Alors que le droit à l’eau et l’assainissement, indispensable au vivant, a fait l’objet de plusieurs textes européens et internationaux, il n’a pas été élevé au rang de droit fondamental au sein de l’Union européenne (UE).
La résolution 64/292 relative au droit de l’homme à l’eau et l’assainissement adoptée par l’Assemblée générale des Nations unies le 28 juillet 2010 établit en son premier alinéa que : « le droit à l’eau potable et à l’assainissement est un droit humain, essentiel à la pleine jouissance de la vie et à l’exercice de tous les droits de l’homme ». Ultérieurement, la résolution A/64/L.63/Rev.1 du 30 septembre 2010 confirme la résolution susmentionnée et précise que : « le droit à une eau potable salubre et propre est un droit fondamental, essentiel au plein exercice du droit à la vie et de tous les droits de l’homme ».
Cette reconnaissance de ce droit comme fondamental a été fortement plébiscitée par les ressortissantes et ressortissants de l’Union.

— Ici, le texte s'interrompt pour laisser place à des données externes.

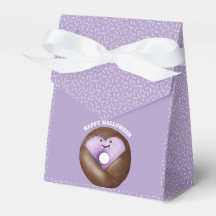Trendy Halloween Spooky Heart Boo Ghost Doughnut 
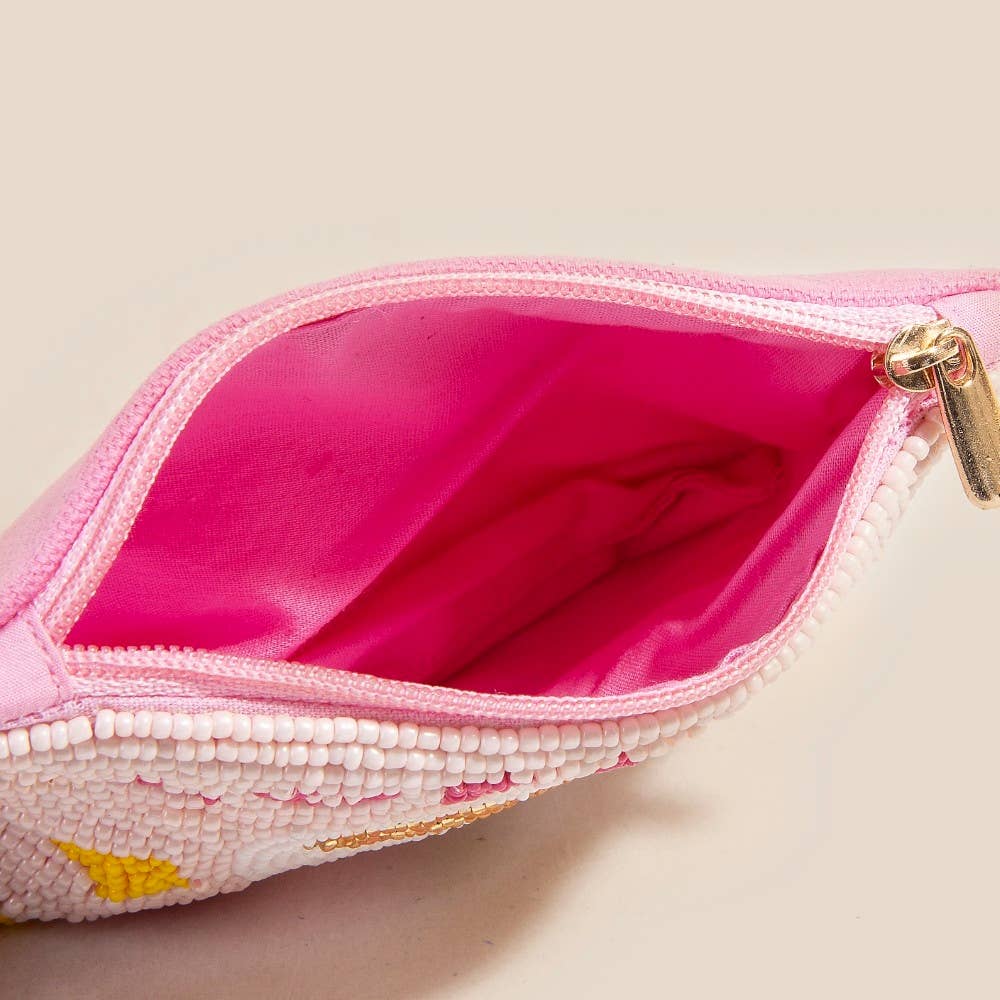 Accessories, Bags - Coffee Funds And Stars Seed Beaded Coin Purse - - Cultured Cloths Apparel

Lancée le 10 mai 2012, l’initiative citoyenne européenne (ICE) « L’eau et l’assainissement sont un droit humain ! L’eau est un bien public, pas une marchandise ! » (Right2Water) a été signée par presque deux millions de citoyennes et citoyens de l’Union européenne et par conséquent constitue la deuxième ICE ayant obtenu le plus de signatures.
L’ambition de cette initiative européenne était d’élever le droit à l’eau et à l’assainissement au rang de droit fondamental, ainsi que de promouvoir la fourniture d’eau saine et potable en suffisance et l’assainissement en tant que services publics essentiels pour toutes et tous au sein de l’ Union européenne.
Si à la suite à de cette ICE les institutions européennes ont révisé en partie la législation communautaire correspondante, le droit à l’eau et à l’assainissement n’a pas été reconnu comme droit fondamental, contrairement aux résolutions des Nations unies, et n’a donc pas été ajouté dans la Charte des droits fondamentaux de l’Union européenne.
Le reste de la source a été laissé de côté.